I woke in the middle of the night after speaking up to another about how I saw things and I had bitten my tongue so badly it was bleeding and I started to swallow blood. It was a massive wake up call to me, because there has been a couple of occasions this week, where I was told ‘it was the wrong thing to say’ so I had woken myself in pain of literally biting my own tongue.
I forgive myself that I have accepted and allowed myself to create a belief within and as me that I am right in my words and for a moment have a self righteousness within me and express that to and towards another.
I forgive myself that I have accepted and allowed myself to go into an energetic reaction and worry that I have then said or done ‘the wrong thing’ in my minds eye, and want to take back my words in a form of regret.
I forgive myself that I have accepted and allowed myself to judge myself as wrong or not in a position to speak up.
I forgive myself that I have accepted and allowed myself to fear being reprimanded by another of saying the wrong thing and that within this I will not be accepted or liked.
I forgive myself that I have accepted and allowed myself to create a belief that I have accepted and allowed myself to be silenced by others and their opinion of me as I see it in my minds eye.
I forgive myself that I have accepted and allowed myself to create a belief that I have to literally bite my tongue, without seeing/realising and understanding how I am setting limitations on myself by believing that I am going to say something in a righteous way towards another and within this it is likely that I will upset them, so I create a starting point of fear within me.
I forgive myself that I haven’t seen/realised and understood how I am ‘speaking up’ in a way to be heard, to get some kind of attention from another and then within this and when I don’t get a reaction I would like, I take my words back into myself and wish I hadn’t spoken up.
I forgive myself that I have accepted and allowed myself to create a belief within me that I need attention from others in a form of back up so that I have people on side as I see it in my minds eye.

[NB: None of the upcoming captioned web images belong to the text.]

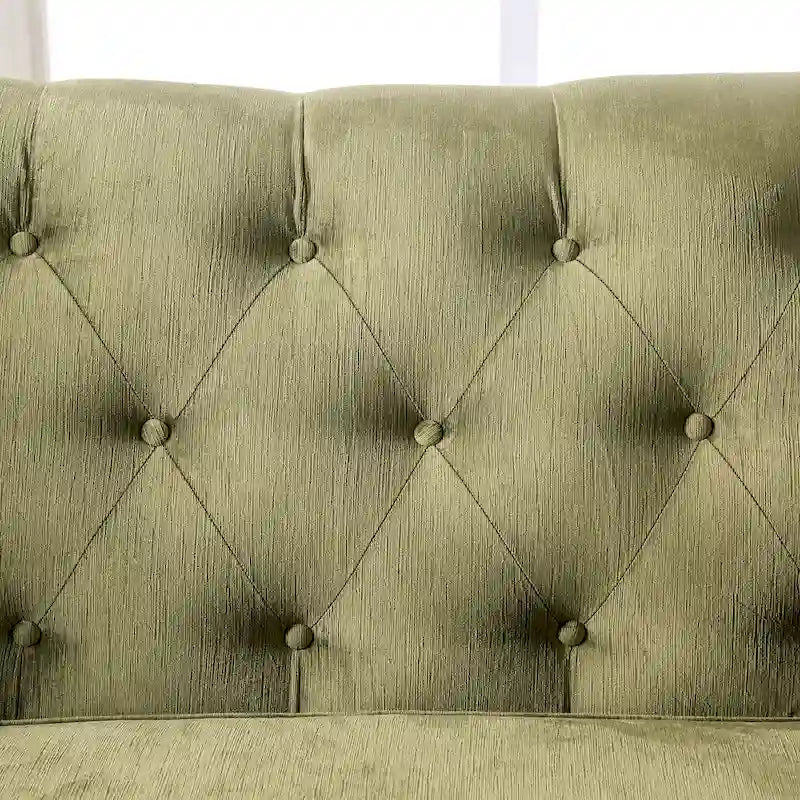 Olie Übergangs-Wohnzimmer-Set von Furniture of America, 2-teilig, grün, aus Mikrofaser mit geschwungenen Armlehnen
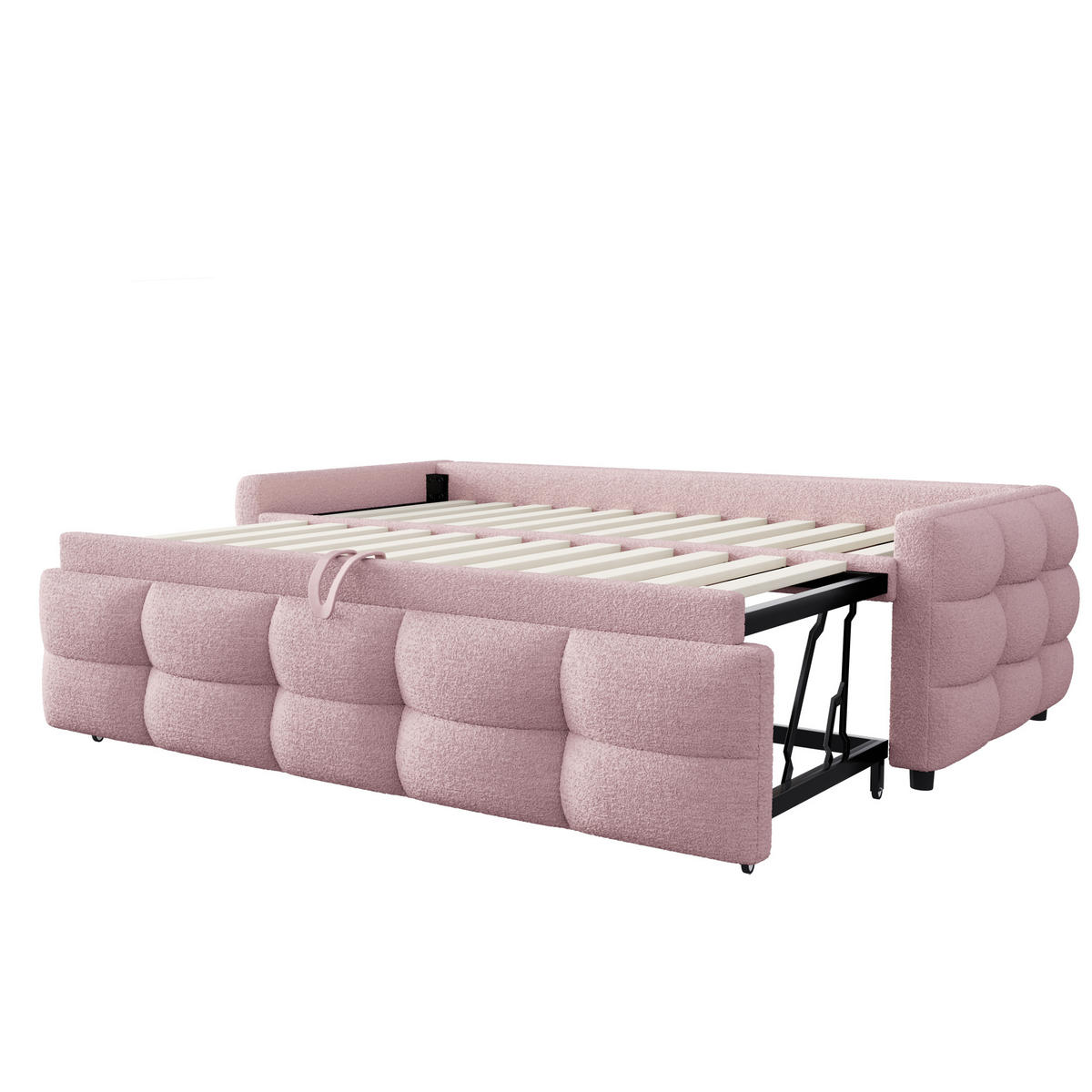 AUSZIEHBETT 90/180/190 cm DE-01659, in Rosa, mit Teddy-Samt - Pink, Metall (90/190cm) - ComfortXL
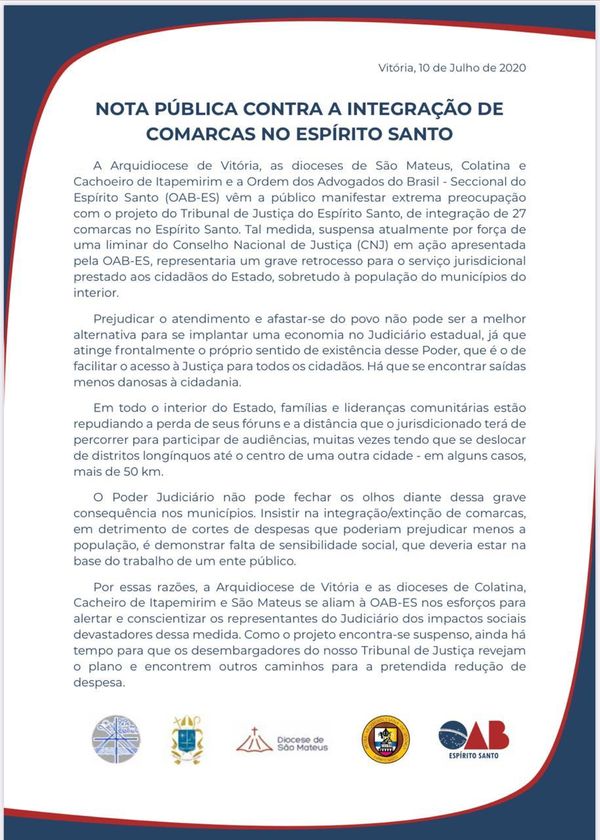 Entidades católicas se posicionam contrárias a decisão de integrar comarcas do TJES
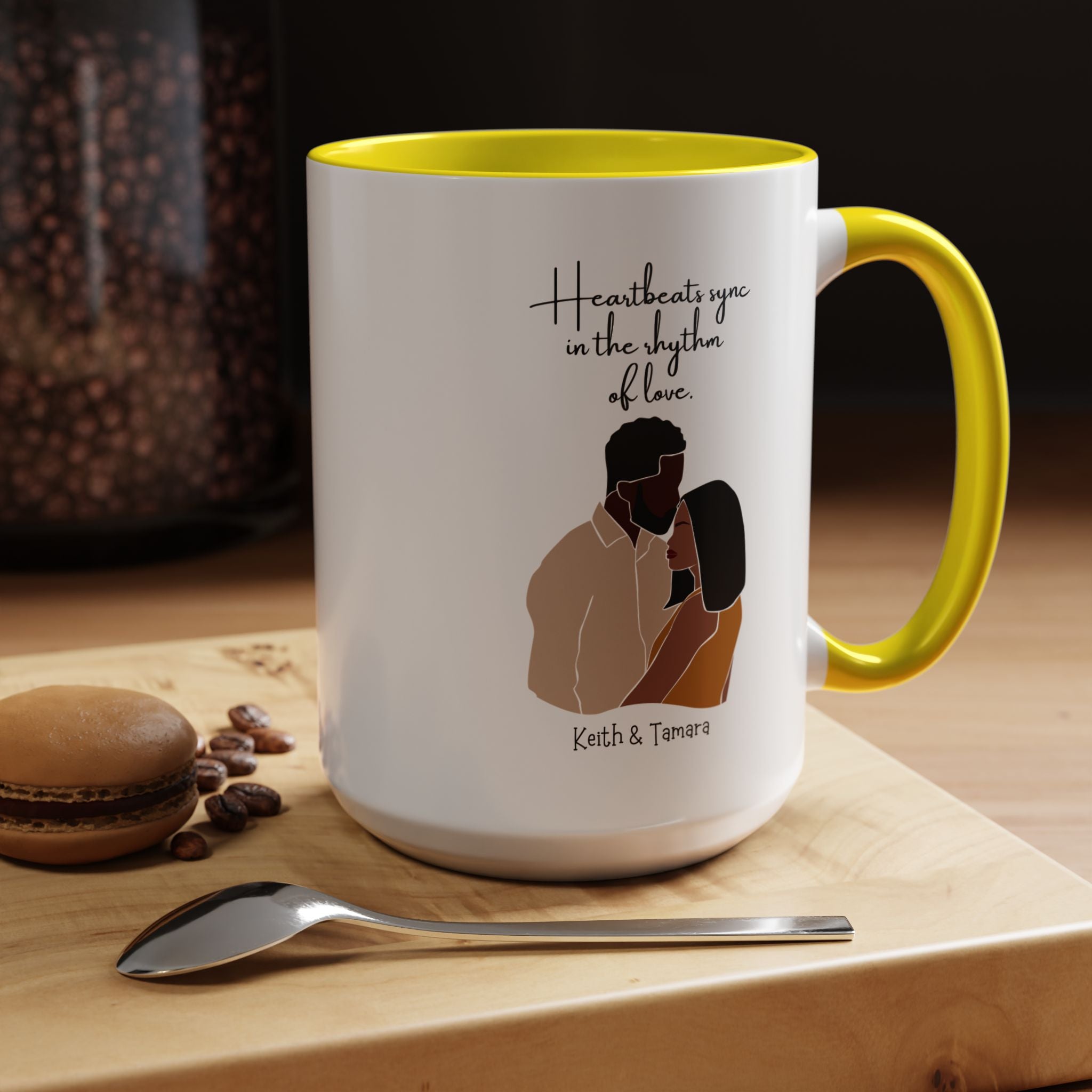 Heartbeats Sync In The Rhythm of Love Black Girl  Personalized  Valentine Cup, Black Cupid, Anniversary  Romantic, V-Day, Couples Gift 11,15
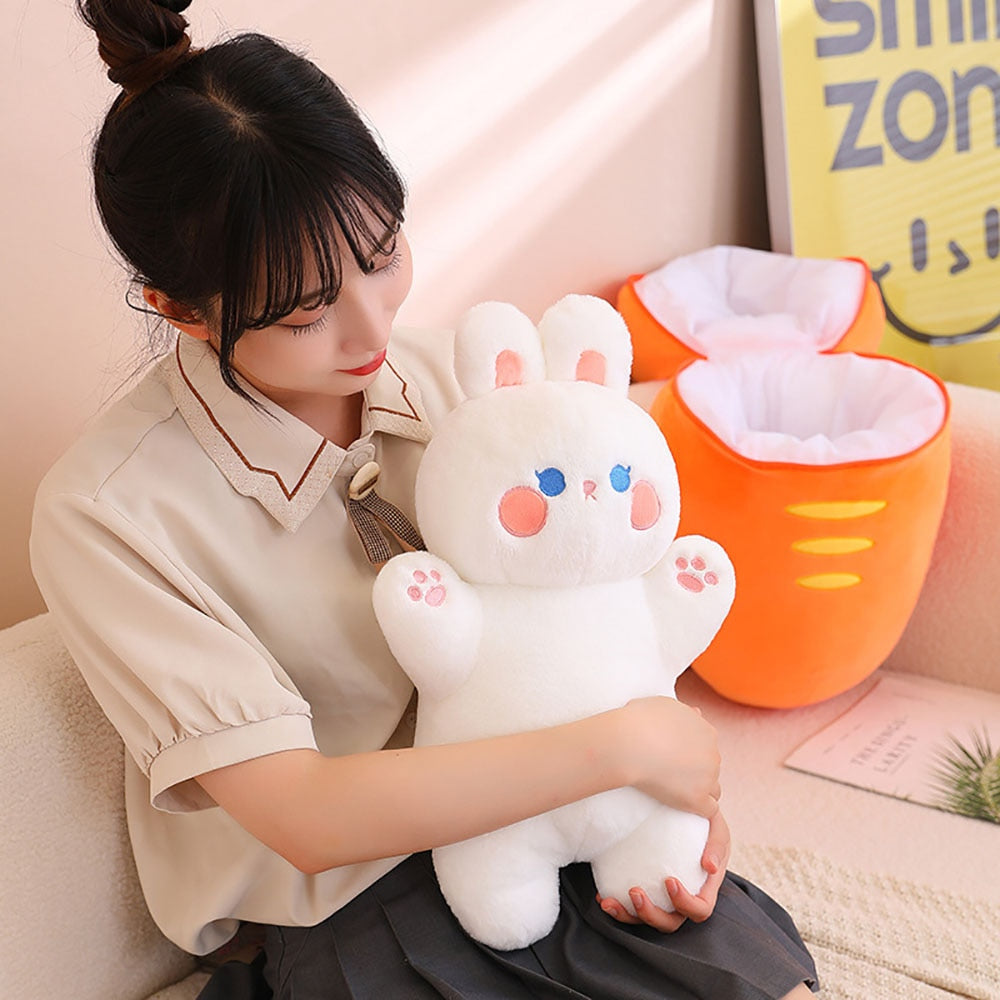 White bunny plush and orange carrot plush with cute faces on a couch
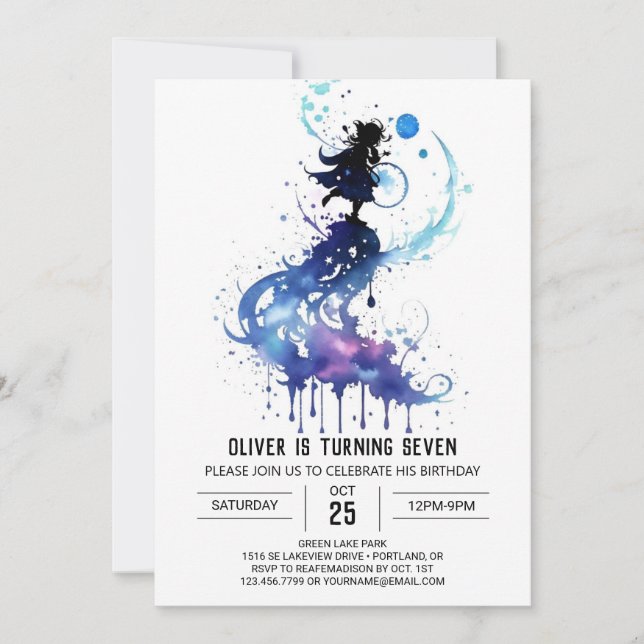 Watercolor Little Wizard Birthday Invitation (Front)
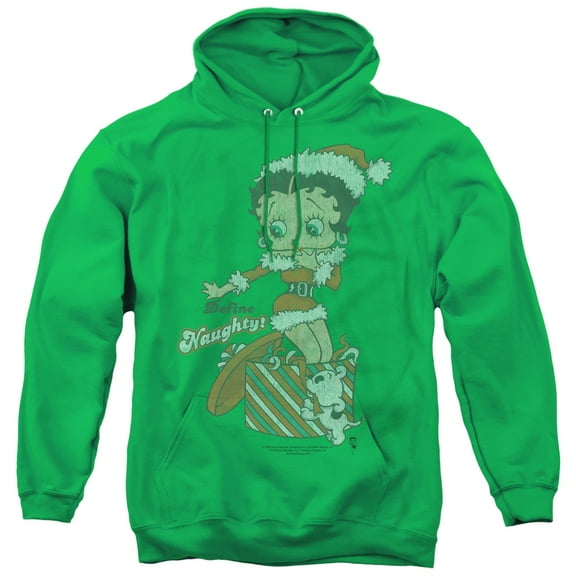 Betty Boop Define Naughty Adult Pullover Hoodie Sweatshirt Kelly Green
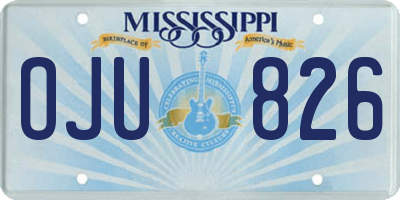 MS license plate OJU826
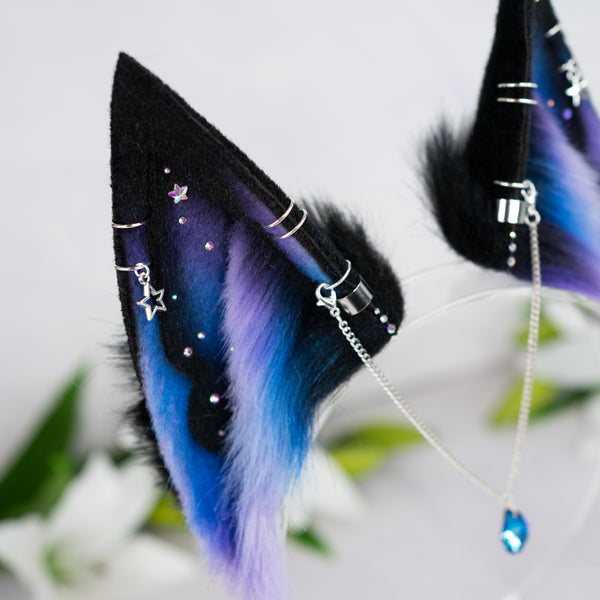 Purple/blue galaxy fox ears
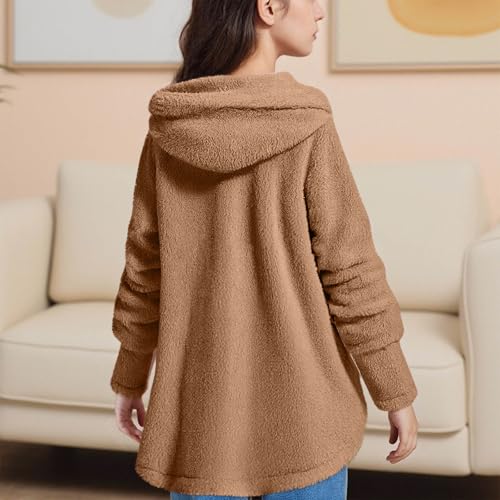 Girls Fall Winter Jacket Cozy Sherpa Sweatshirts Warm Fleece Hoodies with Pockets Button Down Sherpa Outwear Coat3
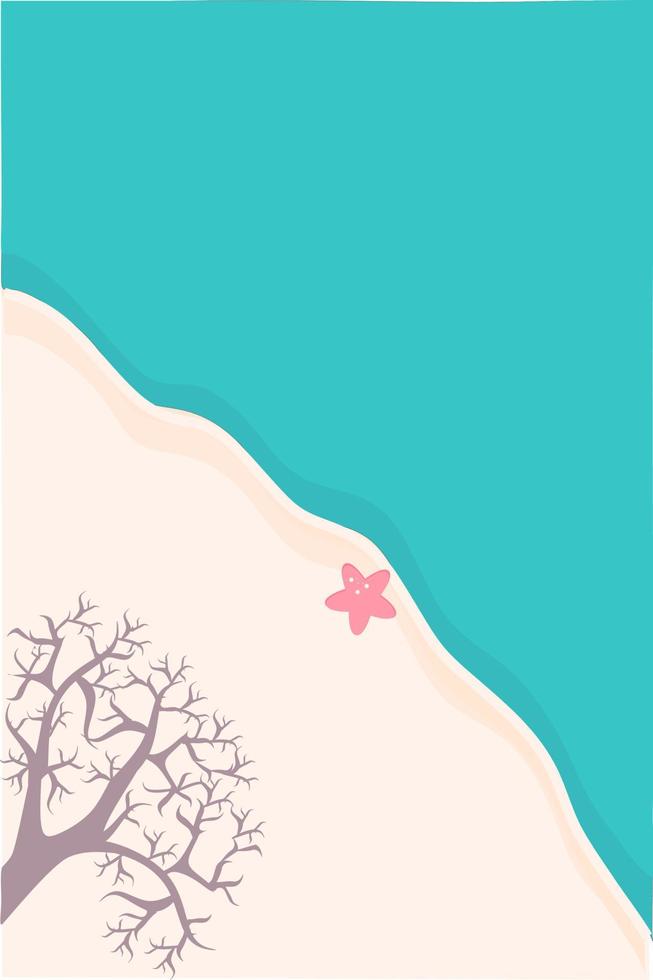 Beach top view background with starfish, sand, tree branches and sea. Seaside view poster. Summer holidays vector illustration background. Tropical travel template for mobile, web site, UI.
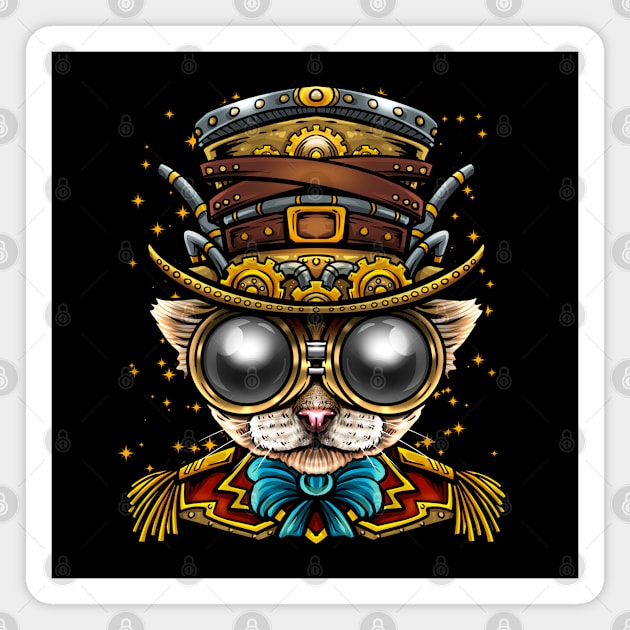 Steampunk Cat Art Magnet by BDAZ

I forgive myself that I have accepted and allowed myself to create a belief within and as me that I need back up and agreement from others and then within this I see/realise and understand how I have always looked to others for guidance on how to behave to get the best response. Therefore I forgive myself that I have accepted and allowed myself to create a version of myself on how others see me, and within this I now see/realise and understand how I can never live up to everyone’s version of me.
I forgive myself that I have accepted and allowed myself to not trust myself enough, in that I look outside of myself in a form of competition, where I will set limitations for myself based on how I believe I need to be seen, in a given moment.
I forgive myself that I haven’t seen/realised and understood how I have been living my life as someone that is lost, as someone that almost doesn’t exist as an expression of myself, because I have been waiting for acceptance from others. I also forgive myself that I have accepted and allowed myself to create diversion tactics in a way to not have to face myself and within this I have created myself as someone that doesn’t matter, where what I say doesn’t count in someway.
I forgive myself that I have accepted and allowed myself to become fearful of facing myself within my own words because I won’t like what I have become as I see it, and therefore within this I created myself as someone that distracts myself with another’s problems.
I forgive myself that I have accepted and allowed myself to live within a program of inferiority and because of this any expression is based on this premise - I forgive myself that I have accepted and allowed myself to punish myself within this inferiority and in so doing I create a belief that I am deserving of it in someway. I see/ realise and understand how my own reactions are sometimes based on
my own fear reaction of how I see something and within this at this point my stance is not clear when I communicate.
I forgive myself that I haven’t seen/realised and understood how I have been allowing myself to doubt myself and how I communicate and express myself and within this not have a clearly defined purpose of who I am in every moment.
I forgive myself that I have accepted and allowed myself to have conflict within me about who I am, because I have been doubting myself and who I am in expression of myself.
I forgive myself that I have accepted and allowed myself to not be real, genuine because I am in fear of how I might be viewed by others.
Instead I commit myself to breathe and clear myself within the breath, by slowing myself down and becoming aware of myself within thought word and deed.
I commit myself to redefine the word righteousness through walking my process and accessesing who I am in each moment. I commit myself to stop judging my words, I commit myself to express myself without fear of reprimand, through clearing my starting point of who I am within the words I speak, through forgiveness and believing in myself and my own expression.
I commit myself to remind myself that; whenever I have a thought about myself that is steeped in fear or trepidation - I stop and I breathe and I bring myself here, by really looking at who I am
In this moment and I ask myself if I am being real/ honest about how I want to express myself and if I am not I correct it in the moment, by breathing and forgiving and letting the reaction go.
I commit myself to redefine the word righteousness to an acceptance and allowance of my own righteousness; in that I am acceptable and I am right in my words and my words are acceptable to me, and provided that I stand equal and one with my words within a point of best for all then I am righteous in who I am in all moments.
I commit myself to stop and breathe before I communicate and I assess who I am in these moments, I commit myself to live the words SELF righteousness in a way that is best for me and within this best for all.